Наблюдаю, как у дверей его встречает интересная миниатюрная темная шатенка в обтягивающем кожаном плаще отделанным мехом. Смотрю на Тину с удивлением. Она же спокойно тащит с нашей, теперь уже общей тарелки, кусочек все той же говядины.
– А, это его личный помощник, – пренебрежительно машет маленькой ладошкой, – она знает о Романове все, даже когда и где мы трахаемся. У нее блокнот, где записаны размеры его одежды и предпочтения в еде. Прежде чем пообедать сегодня со своим мужем, я позвонила ей, уточнила, свободен ли он и только потом написала ему.
А так бывает? Общаться с мужем через его помощника, которая, к тому же, довольно симпатичная, это, как-то… странно. Ревность за Тину берет.
– Да не смотри ты так, – Тина посмеивается, – в этом есть и плюсы. Я говорю ей, какой подарок хочу получить, и получаю его, даже если такого во всей Москве не найти. Лиза может достать все, что угодно. А еще я сообщаю ей, когда и куда хочу поехать с Юрой, и она находит для этого время, просто впихивая все в его расписание. Мы летали во Францию в прошлые выходные, так вот Юра узнал о поездке только когда увидел собранные чемоданы. Лиза, конечно, полетела с нами, но поверь, это проще, чем просить его найти время самому. Он жуткий трудоголик, может спать на работе.
– А ты не боишься, что он уж слишком близок с этой Лизой?
– О, – девушка снова отмахивается, – Романов не из тех, кто будет трахать секретаршу. Он слишком много времени потратил, чтобы выдрессировать ее. Найти шлюху гораздо проще и дешевле, чем хорошего помощника.
Она действительно только что произнесла слово на «ш» в связке со своим мужем?
Еще раз…
– Это как-то… странно…
– Не бери в голову. Лучше расскажи, как ты?
Мне наконец-то приносят заказанную порцию «Цезаря». Прыгаю глазами со своей тарелки к принесенному Тине блюду с эклерами. Мне хочется закусить ими салат, но я делаю над собой усилие и оставляю десерт на потом.
Девушка напротив меня терпеливо ждет, пока я съем хотя бы половину порции, при этом так сексуально поедая свое пирожное, что на наш столик обращаются несколько заинтересованных мужских взглядов.
– Как считаешь, – рассматриваю маленьких помидор черри на своей тарелке, потому что не хочу увидеть в глазах Тины разочарование от своего вопроса, – это плохо, что я больше не чувствую ненависти к нему?

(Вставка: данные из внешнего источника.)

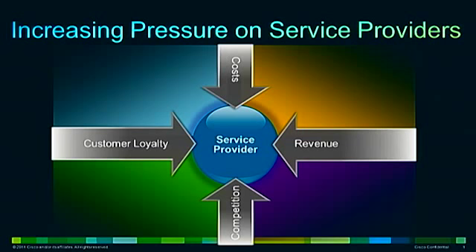How do you grow and maintain revenue? How do you decrease customer churn, increase customer loyalty, and attract new customers? Increasing bandwidth requirements are driving both capital expenses and operational expenses.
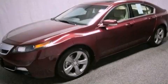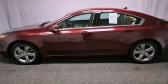This is a certified pre-owned 2012 Acura TL. It has a 3.5-liter six-cylinder engine and an automatic transmission.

– Ох, Рита, – она отвечает немного скучающим голосом, словно даже раздраженным, – почему тебя волнует чье-то мнение? То, что мы чувствуем, никого не касается. Чувства возникают независимо от нашего желания, мы не можем контролировать это. Ты не можешь заставить себя любить, если чувствуешь ненависть. И наоборот…
– Но, знаешь, Миша сделал ужасную вещь… я ведь должна была давно уже собрать вещи и уйти из его дома. Разве нет?
– А ты этого хочешь?
Мы молчим, и чтобы сократить неловкость этого молчания и понять, как ответить на ее вопрос, я разжевываю тот самый черри, который рассмотрела довольно четко – он маленький, красный и круглый.
– Рит, – тонкие пальчики легко отталкивают мою тарелку, и я заставляю себя поднять глаза, – это все не важно, понимаешь, какие чувства возникают в тебе, правильные или нет. И какая разница, правильно ли ты ведешь себя? Кто может говорить тебе, что ты должна?
Мы снова молчим немного. Тина, видимо, ждет чего-то от меня, но я все еще не понимаю, что ей ответить. Мой вопрос не разрешен.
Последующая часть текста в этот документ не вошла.